#### DATA EXCERPTS:

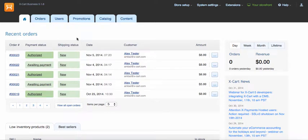Let me show you how to connect X-Cart 5.1 with X-Payments 2.1. There are two ways to add an X-Payments payment method in X-Cart 5.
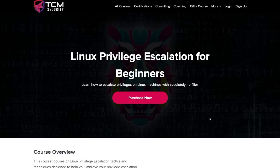What's up YouTube, welcome back for another video. In today's video, we're actually releasing a three hour version of our Linux privilege escalation for beginners course.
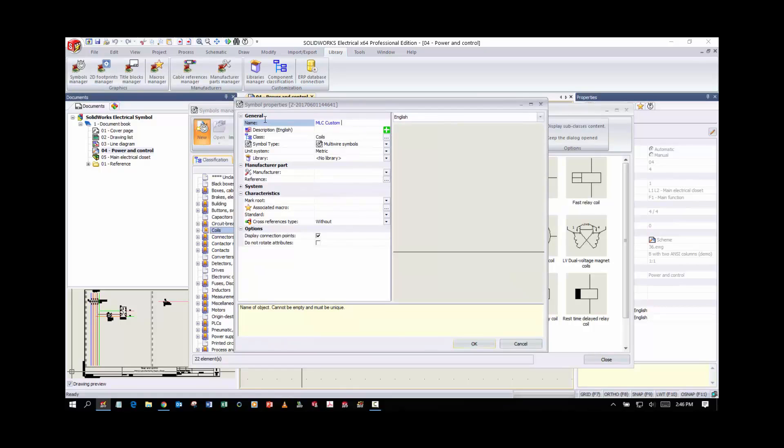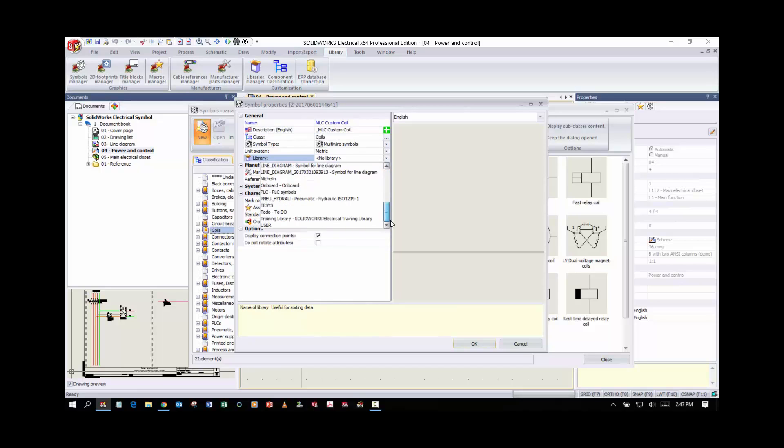I'm going to give it the same description with an underscore so that we can see it. First, I am not going to put any manufacturer information into this symbol itself. I'm going to rely on my manufacturer parts being applied to the symbol.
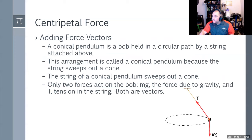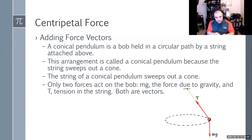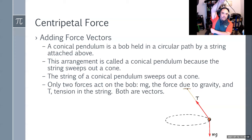So this is looking at the conic pendulum idea, which we're going to deal with regarding the shoulder a lot. A conic pendulum is a bob held in a circular path by a string attached above. As I spin this USB cord in a circle, I can create a cone with it — it goes around creating a conical shape, more like an ellipse right now.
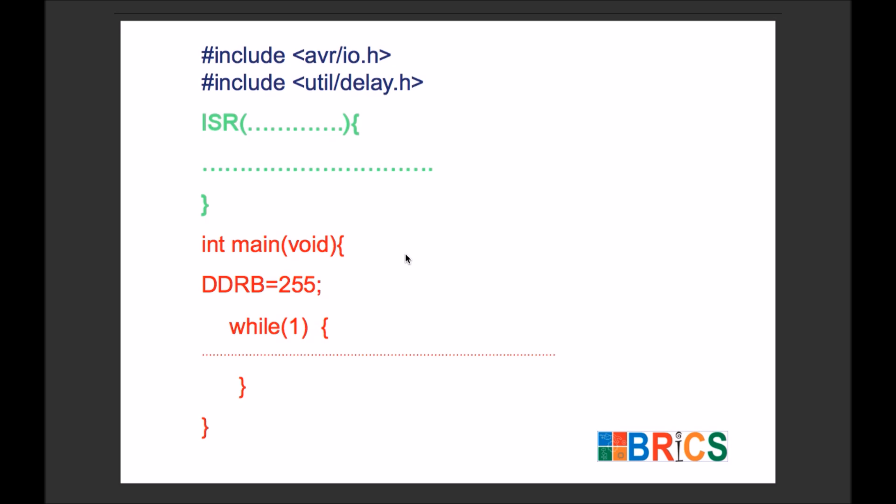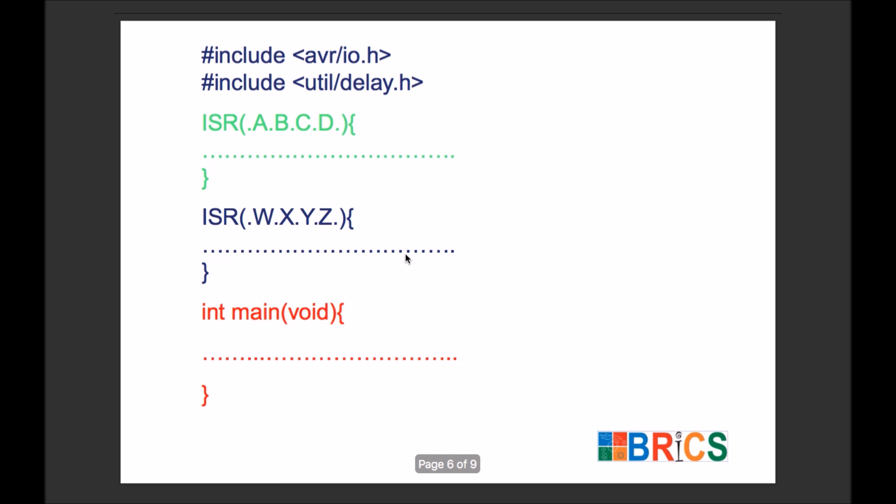Actually, we can create multiple ISRs in one code. All these ISRs will get executed only in case of an interrupt specifically created or specifically assigned for each ISR.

#### THE TASK:
Starting at the line that contains "I'm going to give", write out every line through the end of the entries, both ends included, without any pictures.

#### EXERCISE OUTPUT:
I'm going to give it the same description with an underscore so that we can see it. First, I am not going to put any manufacturer information into this symbol itself. I'm going to rely on my manufacturer parts being applied to the symbol.
So this is looking at the conic pendulum idea, which we're going to deal with regarding the shoulder a lot. A conic pendulum is a bob held in a circular path by a string attached above. As I spin this USB cord in a circle, I can create a cone with it — it goes around creating a conical shape, more like an ellipse right now.
Actually, we can create multiple ISRs in one code. All these ISRs will get executed only in case of an interrupt specifically created or specifically assigned for each ISR.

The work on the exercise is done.